- Work item:
Give back exactly the lines of the data below, starting with the line that has "Modern Clip Bed" and going on through the line that has "Haunted By My".

- Data extracts:
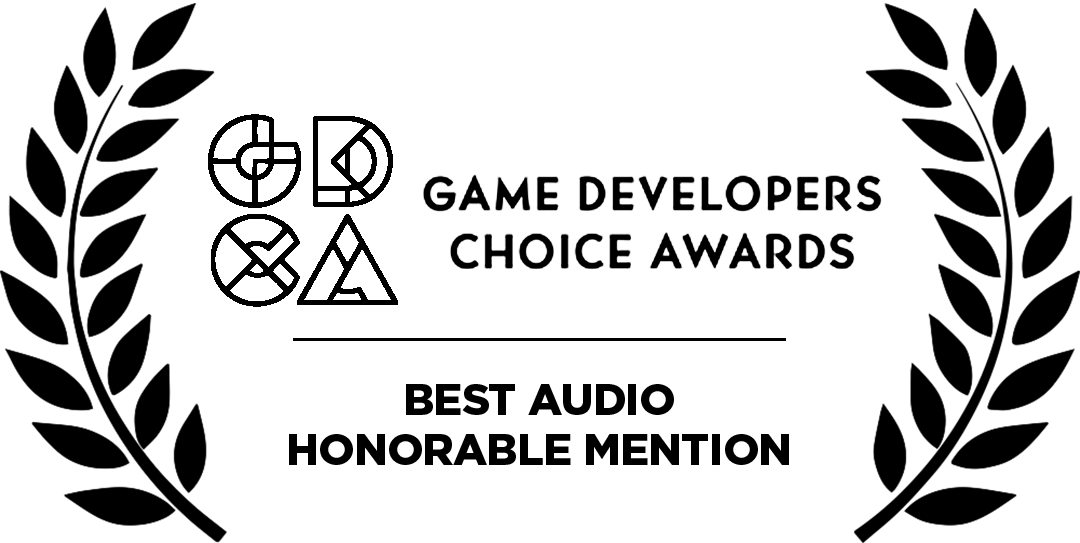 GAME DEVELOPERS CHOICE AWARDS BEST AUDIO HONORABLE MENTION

---

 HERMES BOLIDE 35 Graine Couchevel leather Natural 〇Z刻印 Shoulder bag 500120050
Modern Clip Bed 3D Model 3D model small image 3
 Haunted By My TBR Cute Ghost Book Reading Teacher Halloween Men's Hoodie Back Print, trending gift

- Solved problem:
Modern Clip Bed 3D Model 3D model small image 3
 Haunted By My TBR Cute Ghost Book Reading Teacher Halloween Men's Hoodie Back Print, trending gift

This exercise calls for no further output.